• Mr Provost’s Finest Reindeer Receipt

    Roughly chop a leek, couple of slices of bacon and as many cloves of garlic as you dare.

    Heat a frying pan to a sizzle and fling the leek, bacon and garlic in, closely followed by the reindeer steaks.

    After five minutes turn the steaks over and scoop the leek/pig/garlic into another pan.

    Heat this as far as you dare and tip in enough cheap gin to make you wonder whether this is a waste of good gin.

    Throw in a handful of blueberries

    Heat until kitchen is covered in fog reminiscent of the incense at midnight mass.

    Remove from heat and gently stir in several good dollops of crème fraîche.

    Rudolph steaks will now be ready having cooked for a further five minutes. Artfully plate them up and cover with the sauce that will now be advent coloured.

    Serve with oven roasted potato, butternut squash, red pepper, courgette ensemble.

5 responses to “The Christian Year and Social Media”

  1. Jaye Richards-Hill Avatar

    I certainly agree with passive learning… I have called it ‘knowledge Grazing’ in a book I’m working on at the moment…. There’s a bit about this here… http://www.agent4change.net/grapevine/platform/2050-hungry-for-learning-knowledge-grazing-fits-the-bill.html

    And for the church, well, maybe the passive learning paradigm is good. You already post the vid of the sermon for folks to watch again and digest – the number of questions people ask you or points they raise with you about the sermon after watching it again would perhaps be an indication as to how much passive church-type learning is taking place?

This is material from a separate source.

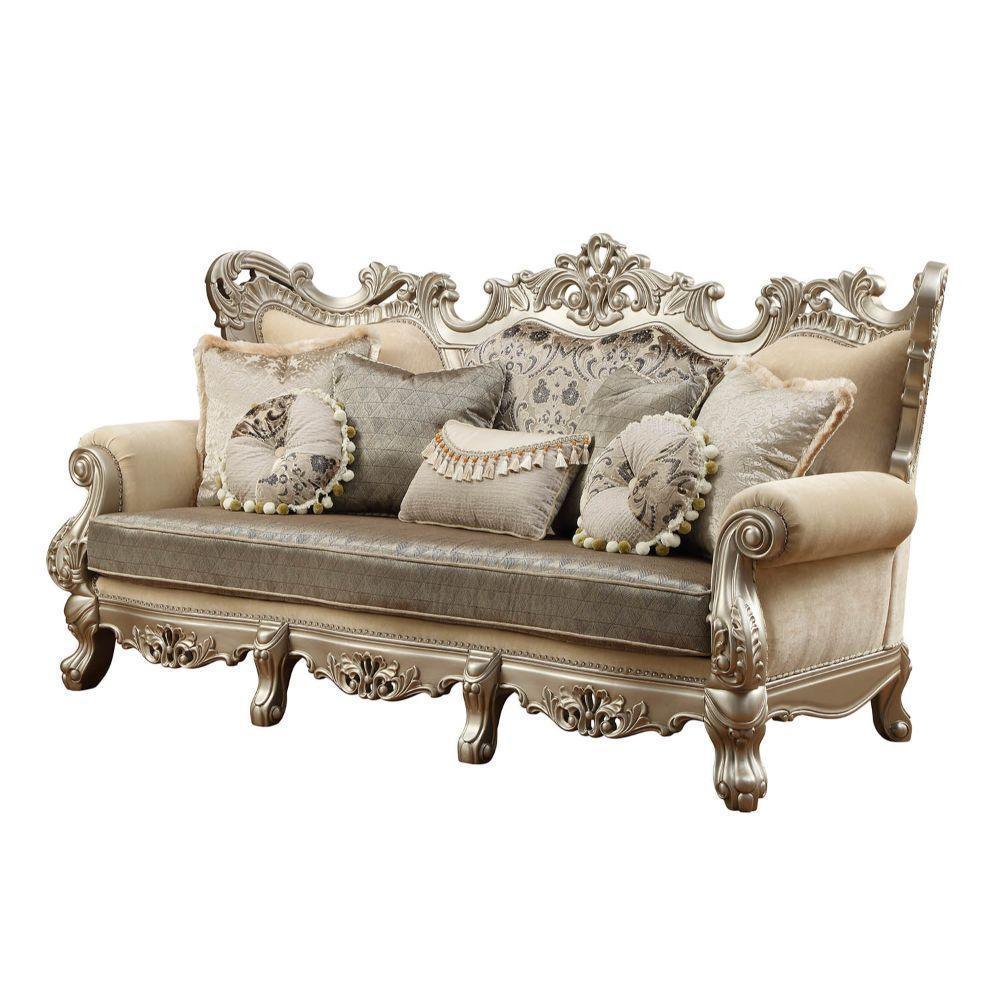 ACME Ranita Sofa w/7 Pillows, Fabric & Champagne 51040 FredCo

  2. Margaret of the Sea of Galilee Avatar
    Margaret of the Sea of Galilee

    More especially the internet provides access to the 0.001% (probably less) of the population whose lives – like one’s own – revolve around these things. And exactly which stole who wore last Sunday to reduce everything to such an absurdity which of course is a Christian/liturgical idiosyncracy in itself. “It just encourages them!” as my mother would have said…

  3. Kelvin Avatar

    I’m not sure what you mean, Margaret.

    But you sound sniffy.

    1. Margaret of the Sea of Galilee Avatar
      Margaret of the Sea of Galilee

      That you can find people interested in your own Very Specific Areas of Interest…a good thing but of course encourages you in your idiosyncracies which is less good

      1. Kelvin Holdsworth Avatar

        Ah. I see why I didn’t understand at first Margaret. What I was suggesting was precisely the opposite of what you are saying. I think I learn about all kinds of things (spiritual and otherwise) that I never expected to learn through following interesting people online who have quite different interests to my own.